Di samping berdasarkan catatannya, terdapat sejumlah aktivitas masyarakat sipil yang dibatasi atau dibatalkan secara tiba-tiba di antaranya:

Baca Juga: Belum Mulai, KTT G20 di Bali Dinilai 99 Persen Telah Gagal, Ini Alasannya

  • Pengusiran tim pesepeda Greenpeace oleh sekelompok masyarakat di Probolinggo
  • Pembatalan acara sepihak dengan surat edaran desa adat dadakan di Kesiman
  • Ancaman pembubaran diskusi di universitas oleh rektornya sendiri
  • Pembubaran paksa acara internal YLBHI di Sanur dengan intimidasi dan upaya penggeledahan gawai
  • Pembubaran bengkel seni komunitas anak muda di Denpasar karena ada spanduk bertulisan dari Polusi ke Solusi

Mereka pun mendesak para pemimpin negara anggota G20 untuk melihat persoalan demokrasi sebagai isu krusial bagi penyelenggaraan G20.

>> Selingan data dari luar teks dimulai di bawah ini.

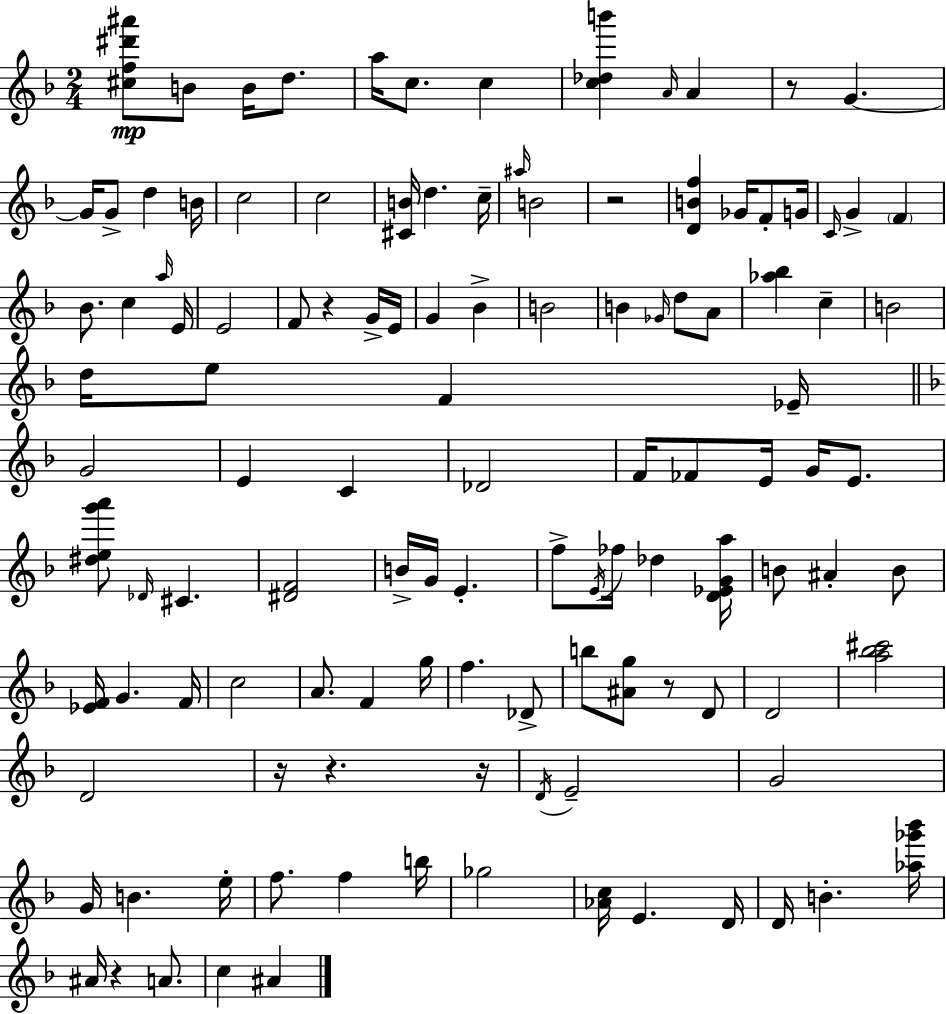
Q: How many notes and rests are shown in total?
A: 118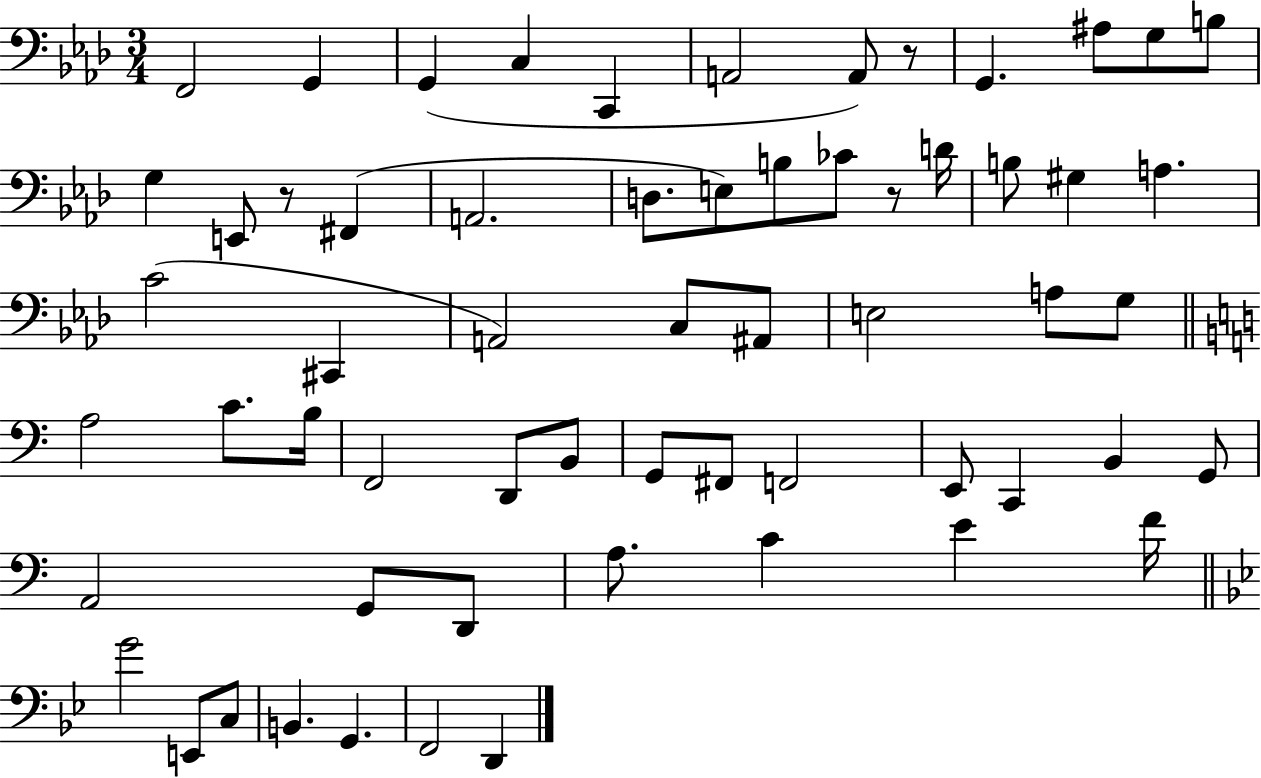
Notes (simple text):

F2/h G2/q G2/q C3/q C2/q A2/h A2/e R/e G2/q. A#3/e G3/e B3/e G3/q E2/e R/e F#2/q A2/h. D3/e. E3/e B3/e CES4/e R/e D4/s B3/e G#3/q A3/q. C4/h C#2/q A2/h C3/e A#2/e E3/h A3/e G3/e A3/h C4/e. B3/s F2/h D2/e B2/e G2/e F#2/e F2/h E2/e C2/q B2/q G2/e A2/h G2/e D2/e A3/e. C4/q E4/q F4/s G4/h E2/e C3/e B2/q. G2/q. F2/h D2/q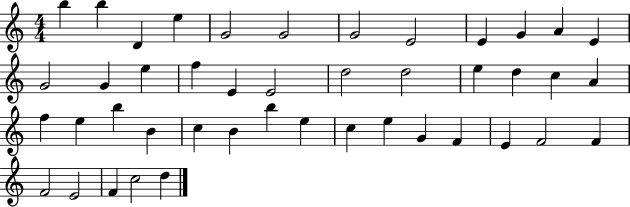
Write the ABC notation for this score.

X:1
T:Untitled
M:4/4
L:1/4
K:C
b b D e G2 G2 G2 E2 E G A E G2 G e f E E2 d2 d2 e d c A f e b B c B b e c e G F E F2 F F2 E2 F c2 d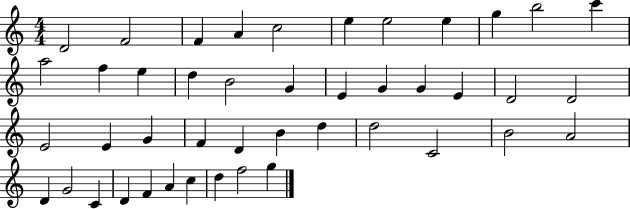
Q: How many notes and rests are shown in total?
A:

Dinilai, tanpa keterlibatan atau partisipasi bermakna dari warga negara yang akan terdampak dari kesepakatan yang akan dihasilkan dalam forum G20, maka forum G20 maupun komunike yang akan dihasilkan tidak ada artinya sama sekali bagi warga negara.

"Lebih jauh, hal ini juga akan menjadi sejarah bagi negara-negara anggota G20 dalam mendukung pembungkaman demokrasi di Indonesia," kata mereka.

Adapun 12 LSM kelompok Organisasi Masyarakat Sipil Indonesia di antaranya, 350 Indonesia, XR Indonesia, Satya Bumi, dan Yayasan Pikul. Kemudian, Public Virtue Research Institute, WALHI, Greenpeace Indonesia, Public Virtue Research Institute dan Solidaritas Perempuan. Lalu, Lembaga Peradaban Luhur, Aksi! for Gender, Trend Asia dan Social and Ecological Justice.